Steven McKay acknowledges that much of the technology is not yet available to achieve many of these goals and innovations, ‘but technology’s accelerating faster than anything else on the planet right now,‘ he stresses. ‘So I still have incredible optimism that as long as we care and focus, we can reach the goals of 2030.’
Cleveland Museum of Natural History | image © DLR Group
To move toward this ambitious future, DLR Group has penned a Sustainable Action Plan, which details goals relating to behavioral awareness, resource conservation, human health, community health, and ecological future. Overall, the plan promotes a culture of empowerment among those at DLR Group to design spaces for meaningful change — from streamlining sustainable strategies of resource consumption amongst a building’s occupants; reducing the operational and embodied carbon of new constructions; optimizing building systems to promote healthier environments and performative assemblies; and creating safe and pedestrian friendly spaces which prioritize people over vehicles.

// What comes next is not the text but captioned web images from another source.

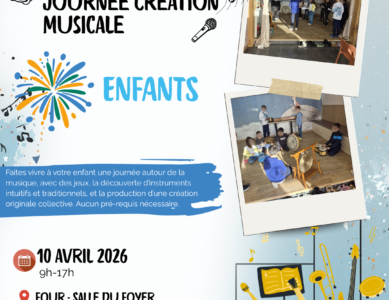 Journée de Création Musicale Pour Enfants le 10 avril 2026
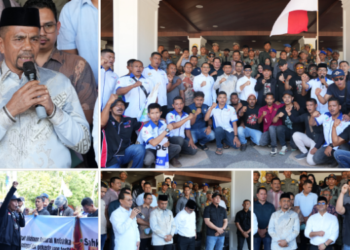 Dewan Perwakilan Rakyat Aceh (DPRA) menerima enam tuntutan Aliansi Buruh Aceh (ABA) dalam aksi unjuk rasa damai di Gedung DPRA, Banda Aceh, Kamis, 1/10/2026. FOTO: Humas DPRA.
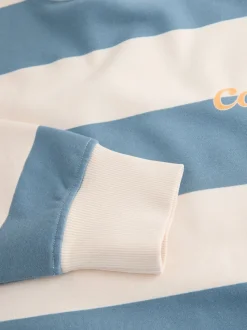 Bleu/Ecru - Sweat-shirt graphique à col rond à manches longues « Colarado » City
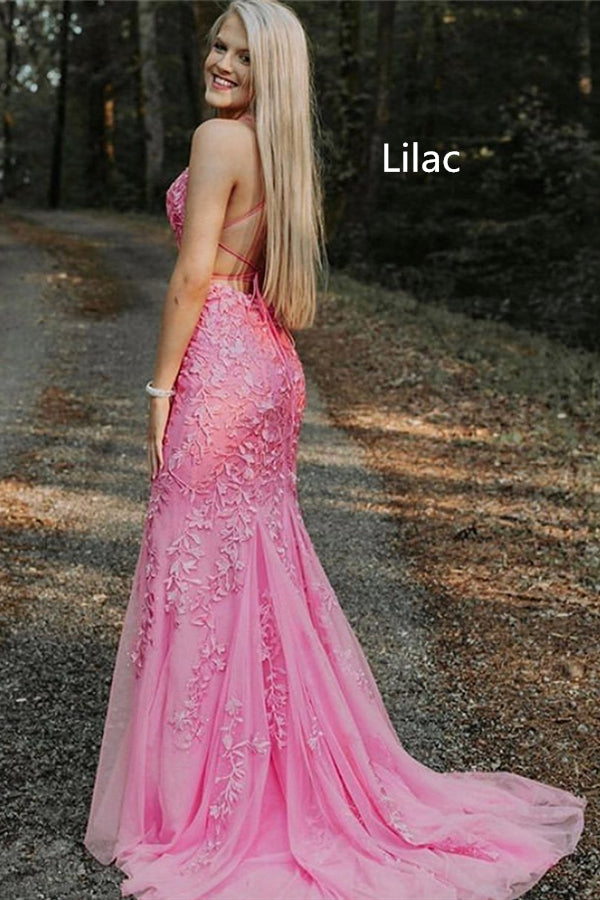 Mermaid Straps Long Lace Prom Dress with Lace-Up Back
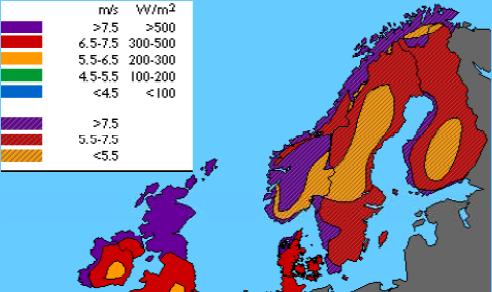 Längs hela östkusten är vindstyrkan 5,5-7,5 m/s och på västkusten är vindstyrkan över 7,5 m/s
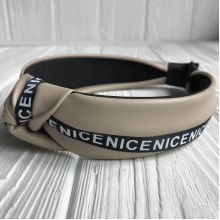 Обруч чалма из экокожи (Nice узкая), 4 см, светло-бежевый, шт.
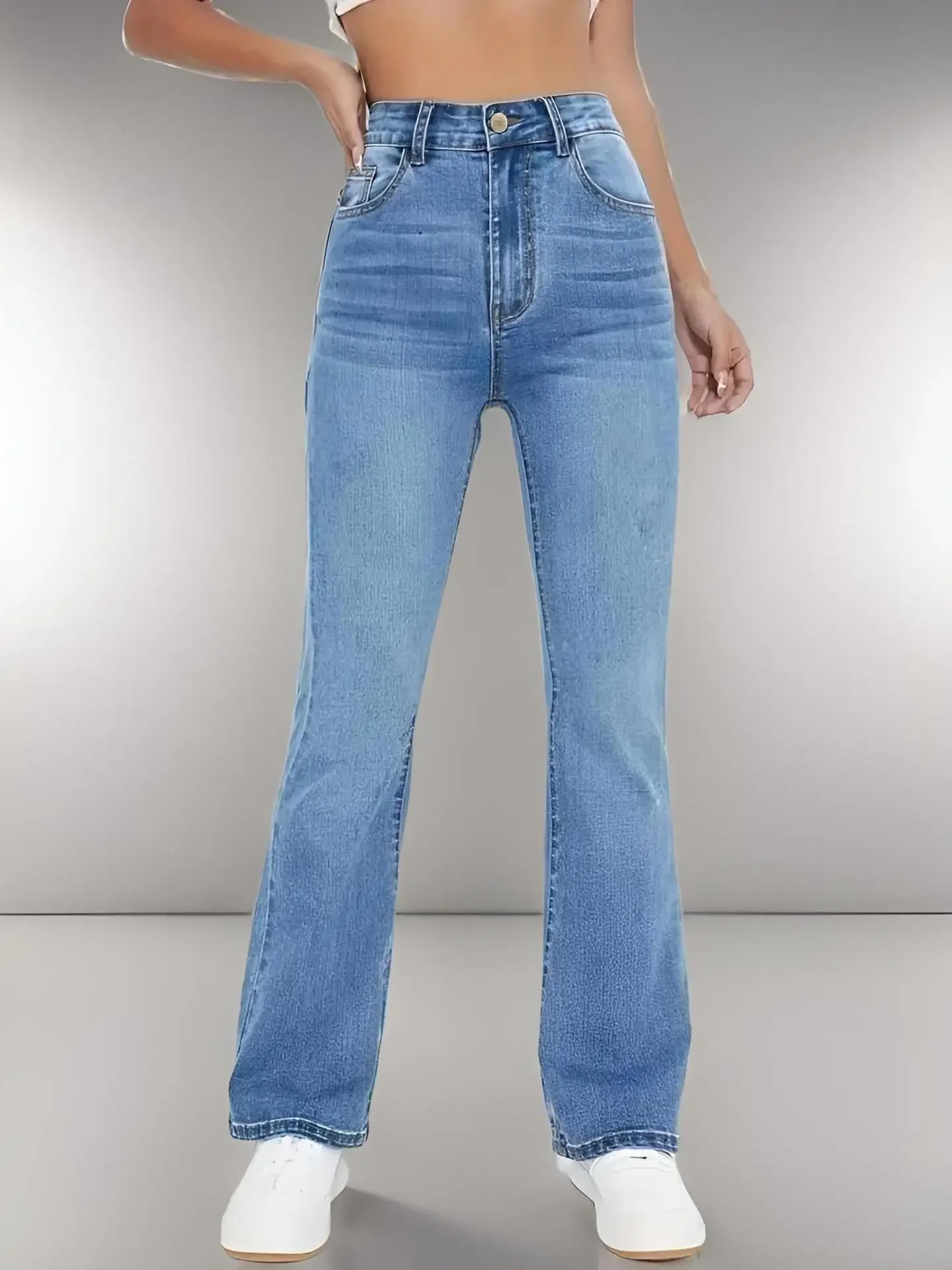 Nouveau femmes épicé fille enveloppé hanche cloche bas pantalon décontracté polyvalent taille haute lavé Denim pantalon pour les femmes
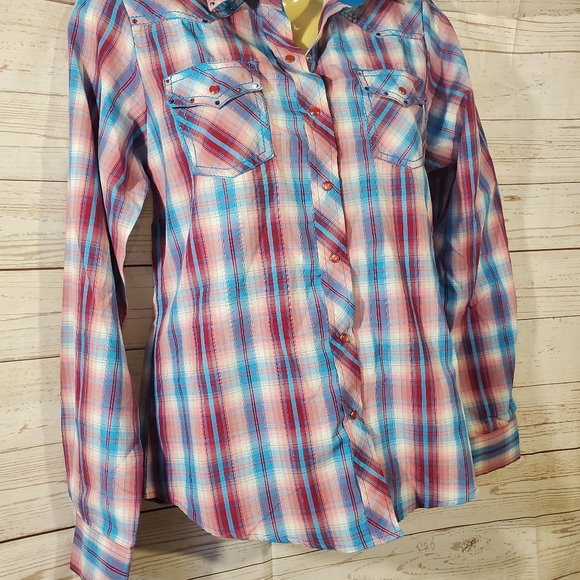 NWT Cedar Rose Plaid Button Down Top - Picture 7 of 7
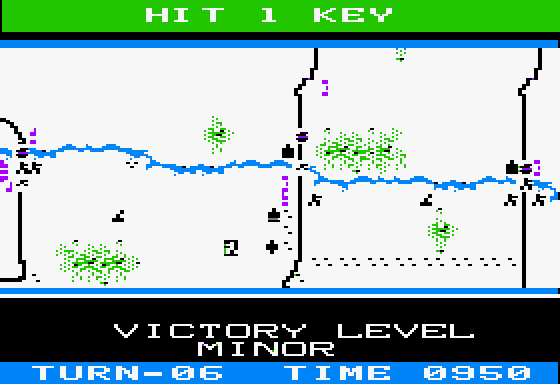 Panzer Grenadier (Apple II) screenshot: Half way mark and we have all 3 bridges and victory level changes. Now getting ready for counter attacks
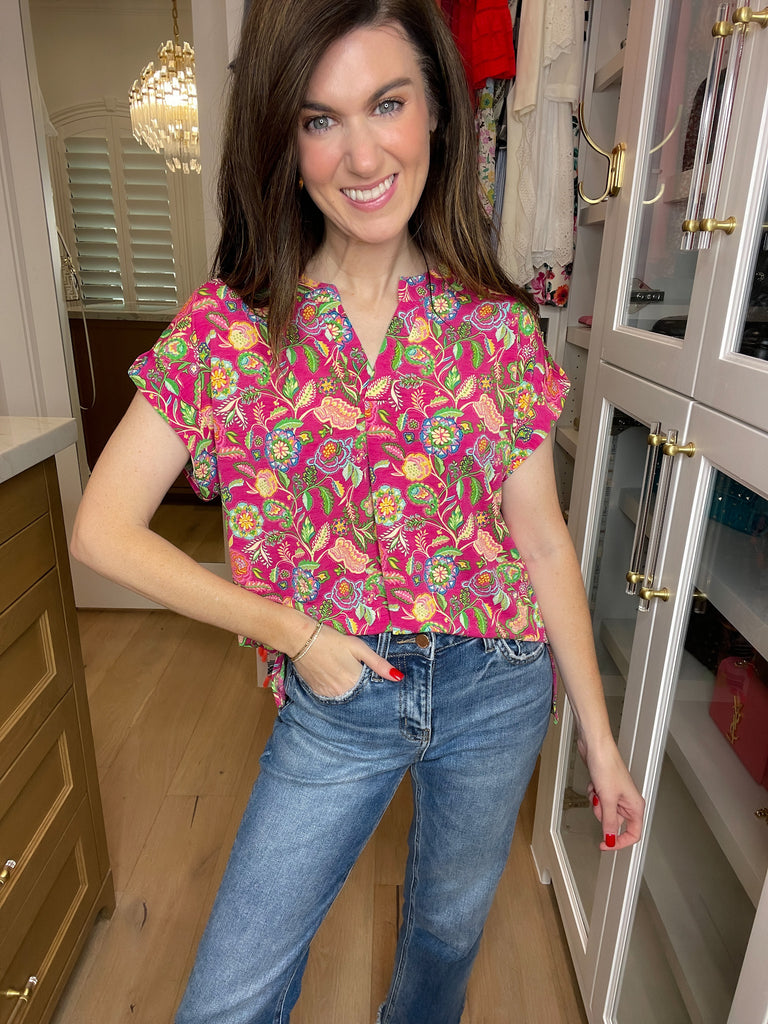 The Lizzy Top in Magenta Perfect Paisley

‘We play a crucial role in bringing as much value to the built environment, with as little resource use as possible,’ says McKay, ‘we’re the ones that create it, so we’re the ones that need to care about it.’
DLR Group’s detailed commitments have demonstrated success over the past five years alone. Since 2016, the firm has designed about 600 million square feet of projects driven by the 2030 Challenge. What’s more, it has achieved an average of fifty percent energy reduction compared with the average energy use of similar buildings — a twenty-eight percent improvement since 2016.
Museum of Science & History | image © DLR Group
a diverse range of project types
As the firm has continued to grow and bring more voices to its team, the diversity of its sectors, or project types, has grown in turn. ‘We are a very diverse firm by intention. Currently we have thirty offices with a vision to grow that.’
DLR Group has ten sectors, its clients including higher education, K-12, healthcare, hospitality, housing, mixed-use, sports, culture and performing arts, workplace, and transportation. While these project types have diversified, the group has begun to see an integration amongst them. ‘We now track the cross-pollination of our work. More and more, the scale of work that we participate in brings a collection of experts for us — now all of which are in house — not just at a discipline level but a sector level.’
‘Our clients are broad by design because we’ve been very entrepreneurial in spirit. It’s broadened our geography along with the sectors that we work in.‘ McKay continues, ‘We are a three-dimensional matrix, rather than a funnel. And that’s what I love about the firm.’